Les hommes écriront peut-être sur ce suicide. Tant mieux. N’oublions pas Rémy Louvradoux. On pourrait peindre ou filmer ce lieu aussi. Parce qu’il nous a laissé une image et un lieu qui évoquent des morceaux de bravoure de l’art humaniste, de celui qui met vraiment l’humain au cœur de l’œuvre, fusse-t-elle aussi radicale. A quelque pas de ce mur, derrière une rangée de grands arbres ployant doucement sous la brise d’avril, on aperçoit des jeunes enfants jouant dans les jardins.
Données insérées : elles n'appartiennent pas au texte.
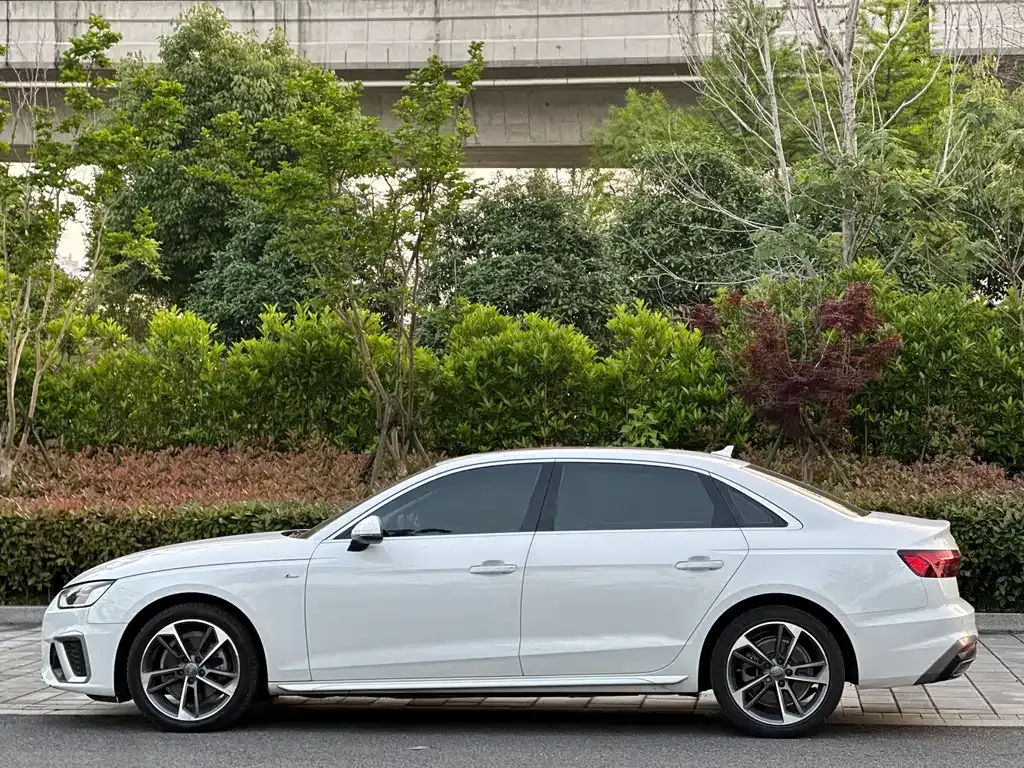 Audi A4L 2021 из CN, фото 4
Une ode à la vie, malgré la proximité du carnage d’un homme par lui-même. Comment est-ce possible que cet homme ait décidé de venir conclure sa destinée dans ce lieu et de telle manière?

 

Pour notre travail de mémoire à tous, la société à qui appartient ce mur devrait interdire de « nettoyer » la trace laissée par Rémy Louvradoux. Que cette société s’appelle France Telecom ou autrement. Au contraire, il faudrait protéger ce mur, protéger cette trace noirâtre, autoriser aussi chacun à venir visiter ce lieu. Ce lieu anodin devenu la « tombe d’un salarié inconnu »? Victime parmi les victimes d’une guerre économique en temps de paix, victime du management moderne, victime d’un modèle de société qui sombre. Ce lieu est devenu universel. Il nous appartient désormais.

 

Le geste de Rémy Louvradoux est entré dans notre mémoire collective ce matin du 26 avril 2011. Il n’est pas le premier suicidé d’une entreprise qui a si douloureusement muté depuis une vingtaine d’années. Mais son geste est probablement l’un des plus forts qui puissent secouer le monde de l’entreprise moderne. En temps de paix et en « démocratie », un homme a fait sien le geste ultime des immolés célèbres des épisodes les plus meurtriers des guerres, invasions et dictatures des décennies passées, de la Tchécoslovaquie de 1968 à la Tunisie de 2010. Sa dernière trace de fumée noire est entrée dans l’Histoire.

 

Par son geste démesuré, Rémy Louvradoux nous parle et nous laisse un message. A chacun de nous de l’entendre, en conscience. La colère et la tristesse des proches et des moins proches sera probablement immense. Il faut pardonner à cet homme la violence de son désespoir. Cet homme, il faut aussi le remercier. Il nous a demandé dans un dernier souffle de « changer » ce monde qui ne tourne pas rond. A la mémoire de Rémy Louvradoux, héros et martyr du monde du travail moderne.